● ABOUT THIS TASK:
From the entries below, print exactly the span beginning with the line holding "Колье Теннис (кристаллы" and ending with the line holding "SUNCROWN Outdoor Recliner", endpoints included, and skip any pictures.

● DATA RECORDS:
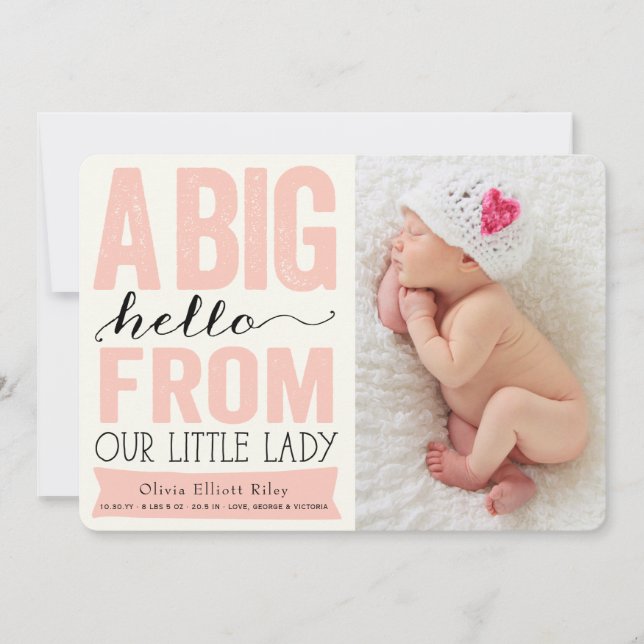 Big Hello Little Lady Baby Girl Faire-part de nais (Devant)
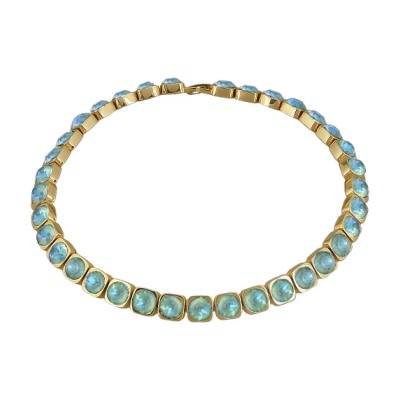 Колье Теннис (кристаллы SW мятные 8мм; покрытие золото) 37-40см, Есть комплект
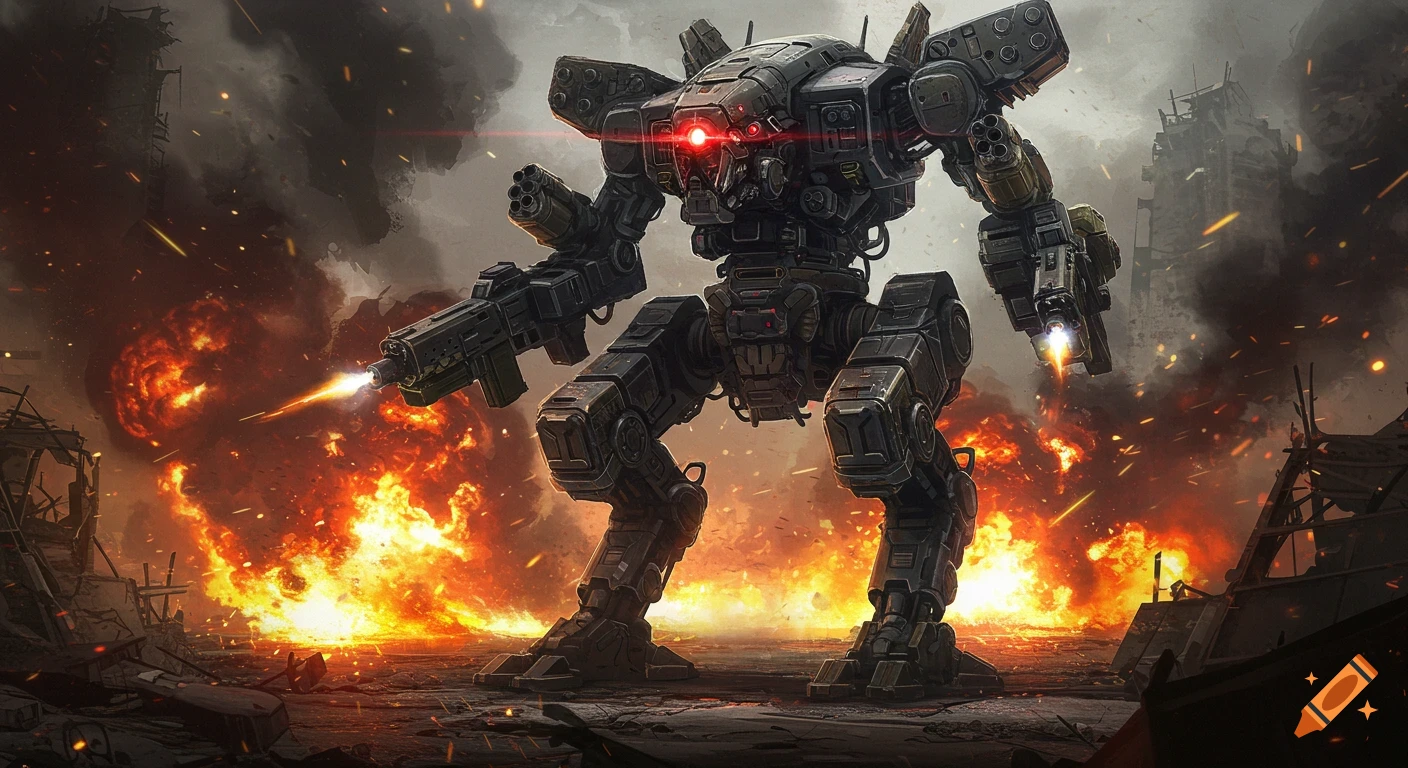 A massive, heavily armored combat robot with glowing red eyes stands amidst explosions and destruction in a ruined city.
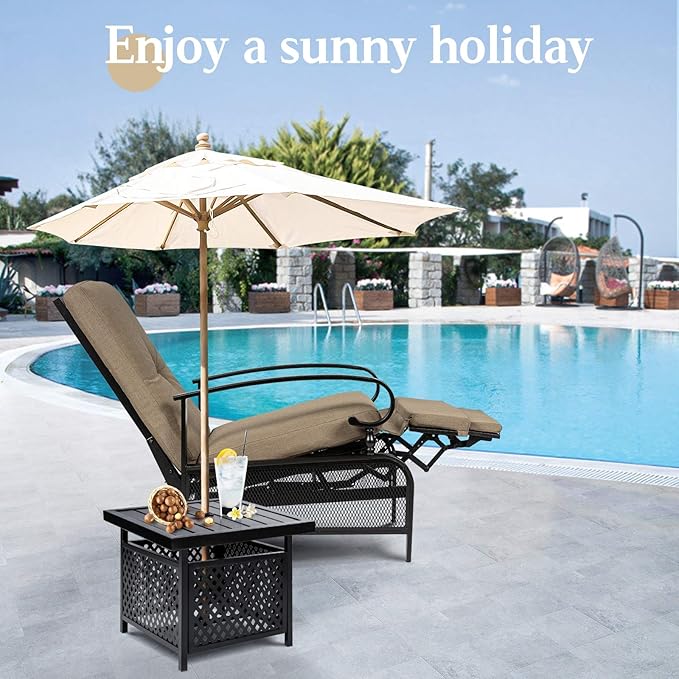SUNCROWN Outdoor Recliner Chair Patio Adjustable Recliner Chair and Side Bistro Table with Umbrella Hole, Brown - Photo 2
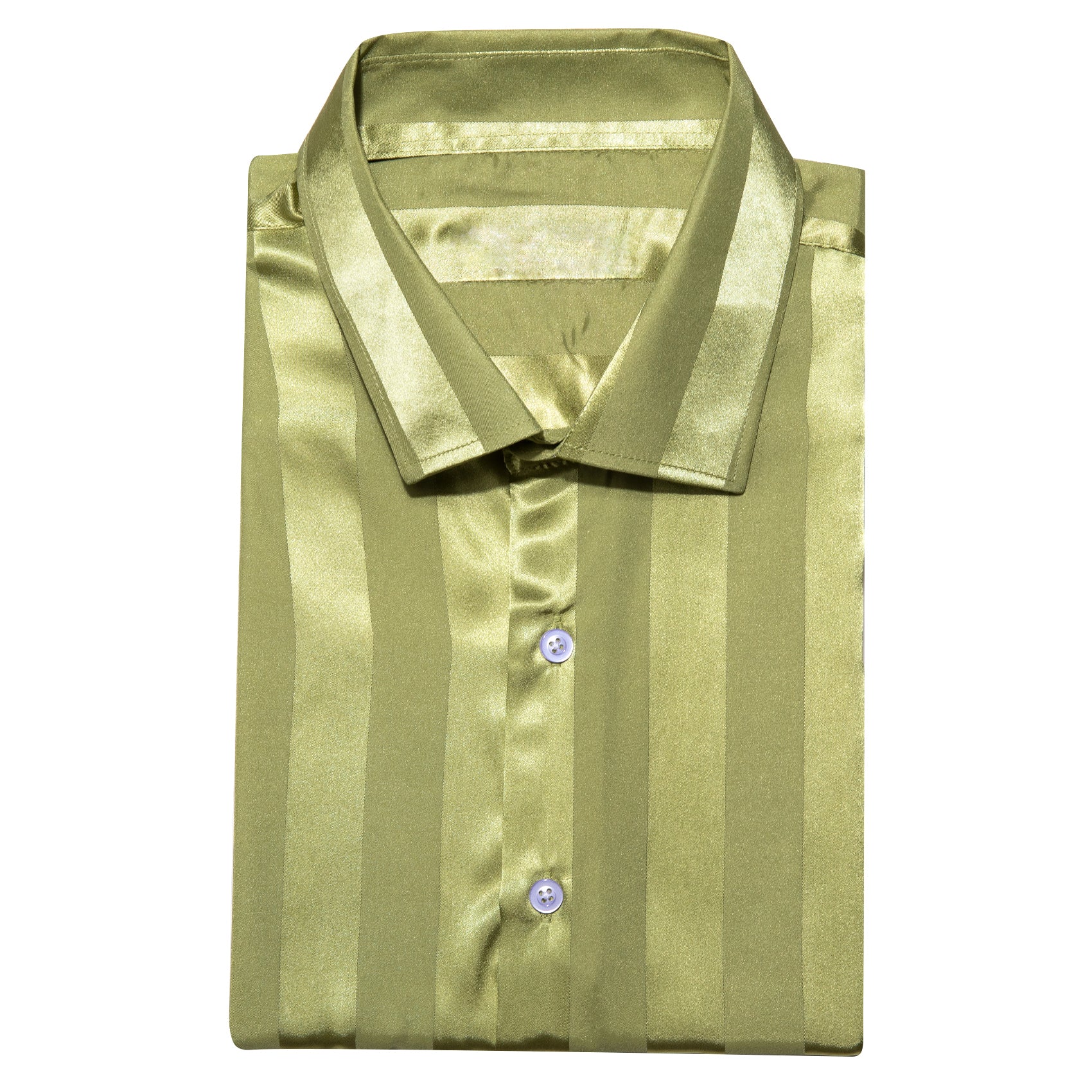 Cream Green Striped Shiny Satin Men's Long Sleeve Shirt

● RESULT:
 Колье Теннис (кристаллы SW мятные 8мм; покрытие золото) 37-40см, Есть комплект
 A massive, heavily armored combat robot with glowing red eyes stands amidst explosions and destruction in a ruined city.
SUNCROWN Outdoor Recliner Chair Patio Adjustable Recliner Chair and Side Bistro Table with Umbrella Hole, Brown - Photo 2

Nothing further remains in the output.